Flaws were also found in the book by the New York Times reviewer David Dempsey, but the review was generally more favorable:

The cover of a 1965 paperback edition published by Fawcett Crest

 Any novelist who conspires with history in writing a novel runs the obvious risk of letting history do too much of the work. Something like this has happened to Richard Condon in An Infinity of Mirrors. A note on the dust jacket tells us that the author spent three years researching and writing this book, and a bibliographical preface confirms the thoroughness with which this research has been done.
In a way, such conscientiousness is too bad; one suspects that this might have been a better novel if it weren't such good history—if Mr. Condon, that is, had been more willing to play with his characters as fiction creations....

Because Mr. Condon possesses a diverting style (he is best known for his ring-a-ding The Manchurian Candidate), these keys offer admission to a kind of Playboy Club in which all the entertainment is in the Grand Guignol manner. Hitler is revealed to be the owner of the club, rarely seen and brooding in an inner office. General Keitel serves as the maitre d'hôtel, while Generals von Stauffenberg and Stülpnagel work as head waiters. SS officers are employed as bouncers. The club is bankrupt, the bunnies are mostly hors de combat (if we may be permitted a fractured-French pun), and, as Mr. Condon states in his title, there are lots and lots of mirrors.

==Title==

The title, as is the case in six of Condon's first seven books, is derived from a fictitious Keener's Manual mentioned in many of his earlier novels: "God surrounded me with an infinity of mirrors which repeat my image again and again and again."

The sentence is found as an epigraph on a blank page, six pages after the title page and three pages before the beginning of the text.

==Characters==
- Paule Bernheim - Main character
- Wilhelm (Veelee) von Rhode-Paule's German husband (Member of Prussian-German Army)
- Paul-Alain Bernheim - Paule's French father (a Famous actor)
- Paul-Alain von Rhode - Paule & Veelee's son
- Maitre Gitlin - Paule's French lawyer
- Gretel & Gisel - Veelee's sister's
- Hans-Gretel's husband
- SS Colonel Drayst - Nazi Colonel obsessed with Paule, and tries on several occasions to attack her.
- Mme. Coitlin-Paule's maid and nurse

==Typical Condon quirks and characteristics==

The "madness" of Condon's similes and "lunacy" of his metaphors, for which he was already noted, are missing. As are, or almost entirely muted, many of his other characteristics, such as long, madcap, detailed lists of trivia. Among the noticeably few similes and metaphors are:

- "Gretel spoke the local dialect flawlessly, but to Paule it sounded like a Mandarin singing in Gaelic."
- "Piocher disengaged himself from Fräulein Nortnung in a manner reminiscent of a driver getting out from under an overturned truck."
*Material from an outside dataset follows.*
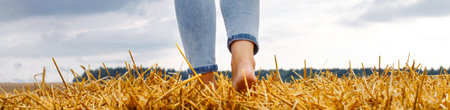 barefoot girl with sneakers and cardboard cup with coffee in hand standing in the agricultural field...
An Infinity of Mirrors, does have, however, a notable example of Condon's penchant for playful lists, in this case the delineation of those attending the funeral of a famous French actor and notable lover:

Seven ballerinas of an amazing spectrum of ages were at the graveside. Actresses of films, opera, music halls, the theatre, radio, carnivals, circuses, pantomimes, and lewd exhibitions mourned on the front line. There were also society leaders, lady scientists, women politicians, mannequins, couturières, Salvation Army lassies, all but one of his wives, a lady wrestler, a lady matador, twenty-three lady painters, four lady sculptors, a car-wash attendant, shopgirls, shoplifters, shoppers, and the shopped; a zoo assistant, two choir girls, a Métro attendant from the terminal at the Bois de Vincennes, four beauty-contest winners, a chambermaid; the mothers of children, the mothers of men, the grandmothers of children and the grandmothers of men; and the general less specialized, female public-at-large which had come from eleven European countries, women perhaps whom he had only pinched or kissed absent-mindedly while passing through his busy life. They attended twenty-eight hundred and seventy strong, plus eleven male friends of the deceased.